View or edit on GitHub

This page is synchronized from trase/data/indonesia/palm_oil/logistics/mills/mill_merge/readme.md. Last modified on 2025-12-14 23:19 CET by Trase Admin. Please view or edit the original file there; changes should be reflected here after a midnight build (CET time), or manually triggering it with a GitHub action (link).

Mill data consolidation process

Author: Jason J Benedict (jasonjb82@ucsb.edu)
Date: December 5, 2018

First step: This step uses the millsMerge.py script.
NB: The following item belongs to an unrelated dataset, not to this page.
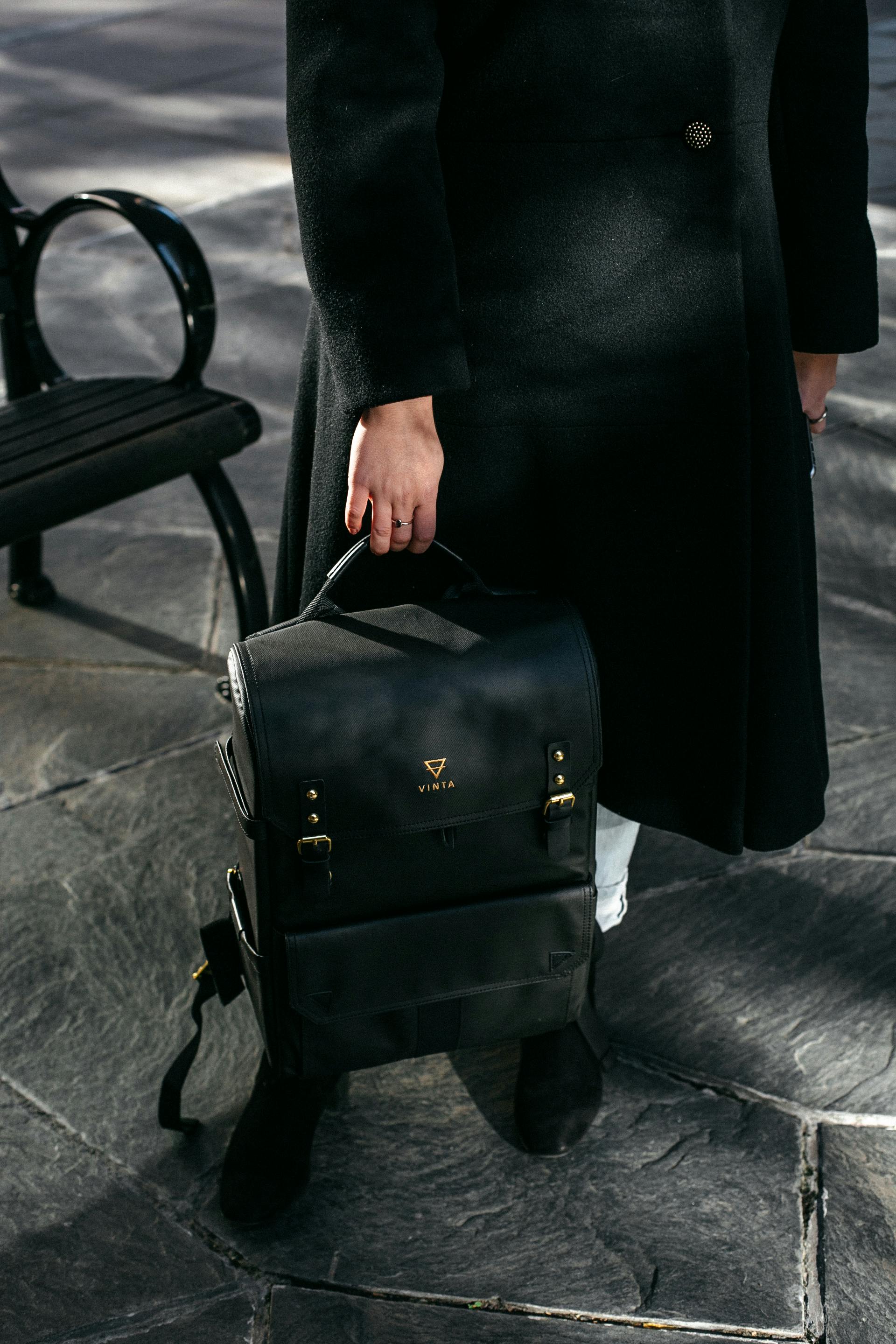 Une femme tenant un sac à dos | Source : Pexels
It generates matrices of mills, coordinates and parent companies matches for every mill from an external dataset against mills from the aka files (alternative mills names, coordinates and parent companies).
Input files:
- AKA files in csv (mill names, coordinates and parents companies)
- External mil dataset – ideally should at least have columns for mill names, mill parent company name and coordinates
Output files: Matrix files of matches for each mill from external dataset against reference mill AKA files for mill name, parent company of mill and coordinates (csv format)
Second step: This step uses the matrixReformat.py script. It inputs the matrix output files from the previous process to create a combined mill matching output file and two (2) separate spreadsheets with potential matches and unmatched mills. There are various levels of matching the mill names and coordinates (distances between mills). The thresholds for matching can be adjusted to get better-matched outputs. For each level of matching, a column with an integer of the sequence of matching is added.
Third step: This step uses the nonMatches.py script. The spreadsheet with potential matches from the previous step gives you one or more matches to choose from and add a value of 'Y' or 'N' to an addition column called 'confirm' for the correct match. This is then run through the script to generate the unmatched mills spreadsheet. In this sheet, you will need to manually add the mill code of the correct match in a column called 'match'. If there are no matches, insert 'none' in the match column. This script eventually combines the initial automated matches and the manually checked matches from the potential and unmatched mills. This script also assigns new codes to new mills from the external dataset (if applicable).
Fourth step: This uses the updateAKAs.py script. Updating aka's with mill names, coordinates and parent company names from the consolidated master dataset. Inputs the current aka files and outputs the updated aka files.